PM: Labour threatens financial security in UK
PRIME Minister David Cameron will today attack Labour, taking a swipe at the party’s leadership contest and claiming that its next leader poses a “clear threat” to British taxpayers’ “financial security”.
“I have watched with some bewilderment the Labour leadership election of the past few months,” Cameron will say this morning in a speech in Leeds, where he is also expected to lay out the government’s economic plans ahead of November’s comprehensive spending review.
“Their whole debate seems to ignore what almost every other political party in almost every other country has now grasped,” Cameron will say about the opposition.
“They’re still debating whether the deficit needs to be cut,” he will say. “It’s as if the financial crash, or the election for that matter, never happened.”
The Prime Minister is not expected to mention any of the Labour leadership candidates by name, but he will say: “Whoever wins the Labour leadership tomorrow, this is now a party that has completely vacated the intellectual playing field and no longer represents working people.
“It is arguing at the extremes of the debate, simply wedded to more spending, more borrowing, and more taxes,” he will say, adding: “They pose a clear threat to the financial security of every family in Britain.”
The bookmakers maintain that the far-left, anti-austerity candidate Jeremy Corbyn is the front-runner in the Labour contest, with shadow home secretary Yvette Cooper the next most-likely winner.
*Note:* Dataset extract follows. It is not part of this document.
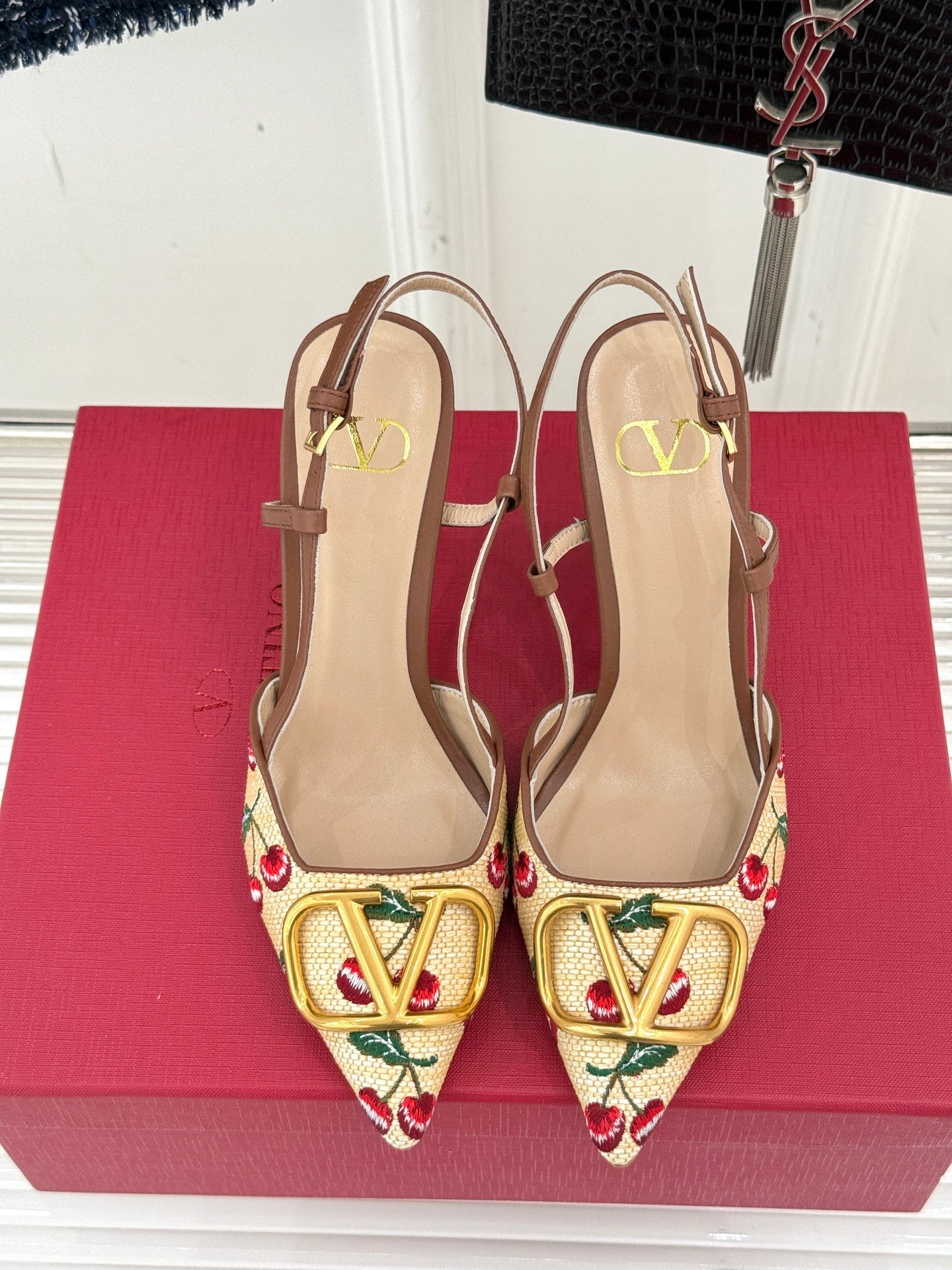 LuxluxHouse Best Quality Valentino Women Shoes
Shadow health secretary Andy Burnham all but conceded the race yesterday, telling supporters that he has an “outside but realistic chance” of beating Corbyn. Shadow care minister Liz Kendall also indicated that she had accepted defeat, saying: “Whatever happens on Saturday, we need to seriously reflect on what has happened during the leadership contest. Because even if Jeremy Corbyn doesn’t win, his campaign has mobilised and enthused vast numbers of people in a way we haven’t seen for decades.”
Voting in the leadership election closed yesterday, and a winner will be announced at a special conference in Westminster tomorrow.